» **Exercise aim**: Your answer should be the complete data, copied exactly.

» **Given records**:
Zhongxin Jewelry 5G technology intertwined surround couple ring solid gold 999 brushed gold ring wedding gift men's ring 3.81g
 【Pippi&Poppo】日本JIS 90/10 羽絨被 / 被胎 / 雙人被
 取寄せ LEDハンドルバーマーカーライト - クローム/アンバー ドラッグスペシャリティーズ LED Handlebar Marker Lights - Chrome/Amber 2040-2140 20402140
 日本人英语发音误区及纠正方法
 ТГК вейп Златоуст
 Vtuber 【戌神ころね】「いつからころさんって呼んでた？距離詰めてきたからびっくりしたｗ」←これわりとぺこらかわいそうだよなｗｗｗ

» **Answer section**:
Zhongxin Jewelry 5G technology intertwined surround couple ring solid gold 999 brushed gold ring wedding gift men's ring 3.81g
 【Pippi&Poppo】日本JIS 90/10 羽絨被 / 被胎 / 雙人被
 取寄せ LEDハンドルバーマーカーライト - クローム/アンバー ドラッグスペシャリティーズ LED Handlebar Marker Lights - Chrome/Amber 2040-2140 20402140
 日本人英语发音误区及纠正方法
 ТГК вейп Златоуст
 Vtuber 【戌神ころね】「いつからころさんって呼んでた？距離詰めてきたからびっくりしたｗ」←これわりとぺこらかわいそうだよなｗｗｗ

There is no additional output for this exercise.